Extracted data entries
================================
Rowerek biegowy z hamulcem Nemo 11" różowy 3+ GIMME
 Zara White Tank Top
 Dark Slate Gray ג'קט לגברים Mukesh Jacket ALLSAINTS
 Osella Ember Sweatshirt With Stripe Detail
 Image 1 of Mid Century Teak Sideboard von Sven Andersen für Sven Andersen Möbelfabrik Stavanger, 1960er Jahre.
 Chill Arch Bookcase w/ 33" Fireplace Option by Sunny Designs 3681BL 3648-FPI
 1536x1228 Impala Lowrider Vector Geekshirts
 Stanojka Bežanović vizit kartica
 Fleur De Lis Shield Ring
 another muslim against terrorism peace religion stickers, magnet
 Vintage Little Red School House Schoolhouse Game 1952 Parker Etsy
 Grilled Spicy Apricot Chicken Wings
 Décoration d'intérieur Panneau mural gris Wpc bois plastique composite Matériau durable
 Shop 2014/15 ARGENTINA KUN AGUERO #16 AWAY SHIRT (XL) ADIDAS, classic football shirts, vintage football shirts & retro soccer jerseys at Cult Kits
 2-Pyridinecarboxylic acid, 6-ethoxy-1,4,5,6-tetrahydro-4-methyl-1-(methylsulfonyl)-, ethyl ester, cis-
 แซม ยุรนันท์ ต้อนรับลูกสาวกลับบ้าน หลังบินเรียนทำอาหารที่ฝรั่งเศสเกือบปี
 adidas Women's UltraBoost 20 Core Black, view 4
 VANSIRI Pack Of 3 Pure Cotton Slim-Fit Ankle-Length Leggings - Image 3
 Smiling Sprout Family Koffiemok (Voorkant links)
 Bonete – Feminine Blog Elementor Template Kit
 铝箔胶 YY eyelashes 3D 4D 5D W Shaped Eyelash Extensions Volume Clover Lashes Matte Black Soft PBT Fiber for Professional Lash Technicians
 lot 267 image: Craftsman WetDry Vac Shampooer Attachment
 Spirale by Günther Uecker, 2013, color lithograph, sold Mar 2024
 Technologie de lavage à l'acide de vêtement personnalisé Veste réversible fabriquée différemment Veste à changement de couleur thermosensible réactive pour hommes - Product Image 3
================================
Word for word, output the lines of the data from its first line through the line where "Fleur De Lis Shield Ring" appears, and stop there.

**Output below**.
Rowerek biegowy z hamulcem Nemo 11" różowy 3+ GIMME
 Zara White Tank Top
 Dark Slate Gray ג'קט לגברים Mukesh Jacket ALLSAINTS
 Osella Ember Sweatshirt With Stripe Detail
 Image 1 of Mid Century Teak Sideboard von Sven Andersen für Sven Andersen Möbelfabrik Stavanger, 1960er Jahre.
 Chill Arch Bookcase w/ 33" Fireplace Option by Sunny Designs 3681BL 3648-FPI
 1536x1228 Impala Lowrider Vector Geekshirts
 Stanojka Bežanović vizit kartica
 Fleur De Lis Shield Ring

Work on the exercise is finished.